AI and LLMs: How They Help (and Where They Don’t)

From your notes’ perspective:

  • LLM outputs are largely probability-driven: “most likely answer / common best practice.”
  • Architectural decisions require contextual trade-off analysis:
    • translating business concerns (time-to-market, growth) into architectural characteristics (maintainability, deployability, testability)
    • choosing a least-worst option given context and constraints
  • This translation and judgment relies heavily on experience.

A practical best-case use of generative AI:

  • generate a list of possible trade-offs
  • surface missing considerations
  • help broaden the decision space

But the selection and accountability remain human:

  • AI may have knowledge, but lacks the “wisdom” of contextual judgment and responsibility for consequences.
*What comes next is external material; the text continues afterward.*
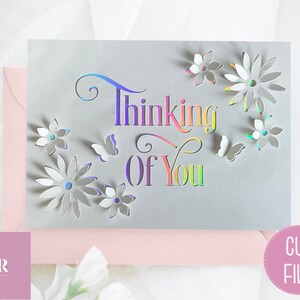 May include: A gray card with the words "Thinking of You" in rainbow colors and cut-out flowers and butterflies. The card is on a pink surface.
Frontend Context (React / Next.js Lens)

In frontend-heavy systems, architectural decisions frequently show up as:

  • API consumption patterns (BFF, gateway, orchestration location)
  • contract strategy (GraphQL vs REST, field selectors, versioning)
  • state management boundaries (domain modules vs shared global state)
  • performance constraints (SSR/ISR/CSR choices, caching boundaries)
  • observability requirements (client-side logging, tracing correlation)
  • ADRs are especially useful for frontend decisions because:
  • teams turn over frequently
  • tooling changes rapidly
  • “why we chose this” becomes more important than “what we chose”

Closing Perspective

Architecture decisions are not a single action; they are a lifecycle:

  • gather relevant information
  • make the decision at the last responsible moment
  • justify it in both technical and business terms
  • document it in a durable system of record
  • communicate it by reference, not by scattering details

ADRs are the practical mechanism that keeps this discipline lightweight and maintainable.